Data records:

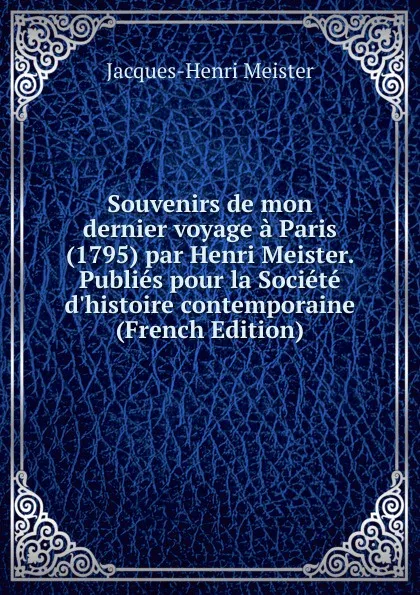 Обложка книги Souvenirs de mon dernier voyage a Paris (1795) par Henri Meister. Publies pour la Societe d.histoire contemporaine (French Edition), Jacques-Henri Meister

==

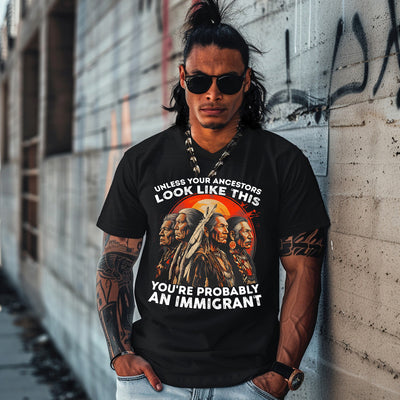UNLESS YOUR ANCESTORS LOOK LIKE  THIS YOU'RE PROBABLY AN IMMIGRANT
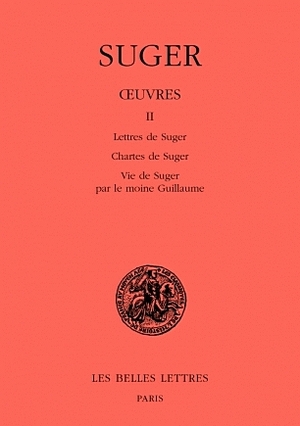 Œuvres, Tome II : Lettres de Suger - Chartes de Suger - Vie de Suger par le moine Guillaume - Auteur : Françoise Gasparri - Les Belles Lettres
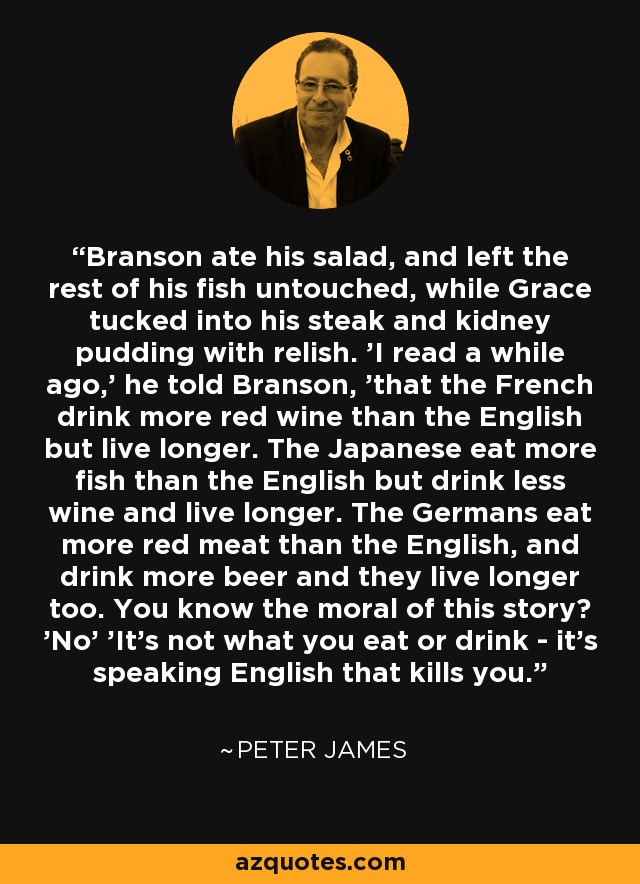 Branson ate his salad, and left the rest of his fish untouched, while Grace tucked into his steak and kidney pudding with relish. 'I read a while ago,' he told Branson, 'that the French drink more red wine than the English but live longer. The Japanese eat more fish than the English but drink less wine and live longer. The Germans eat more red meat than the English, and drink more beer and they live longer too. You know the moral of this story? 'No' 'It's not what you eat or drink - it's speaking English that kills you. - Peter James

---

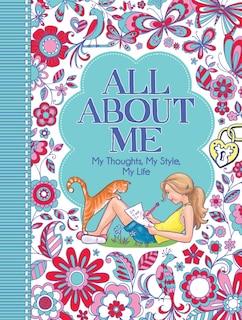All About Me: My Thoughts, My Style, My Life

What to do: In the listing above, find the line with "Œuvres, Tome II" and the line with "Branson ate his". Set down both and every line between them, minus the pictures.

Answer area:
 Œuvres, Tome II : Lettres de Suger - Chartes de Suger - Vie de Suger par le moine Guillaume - Auteur : Françoise Gasparri - Les Belles Lettres
 Branson ate his salad, and left the rest of his fish untouched, while Grace tucked into his steak and kidney pudding with relish. 'I read a while ago,' he told Branson, 'that the French drink more red wine than the English but live longer. The Japanese eat more fish than the English but drink less wine and live longer. The Germans eat more red meat than the English, and drink more beer and they live longer too. You know the moral of this story? 'No' 'It's not what you eat or drink - it's speaking English that kills you. - Peter James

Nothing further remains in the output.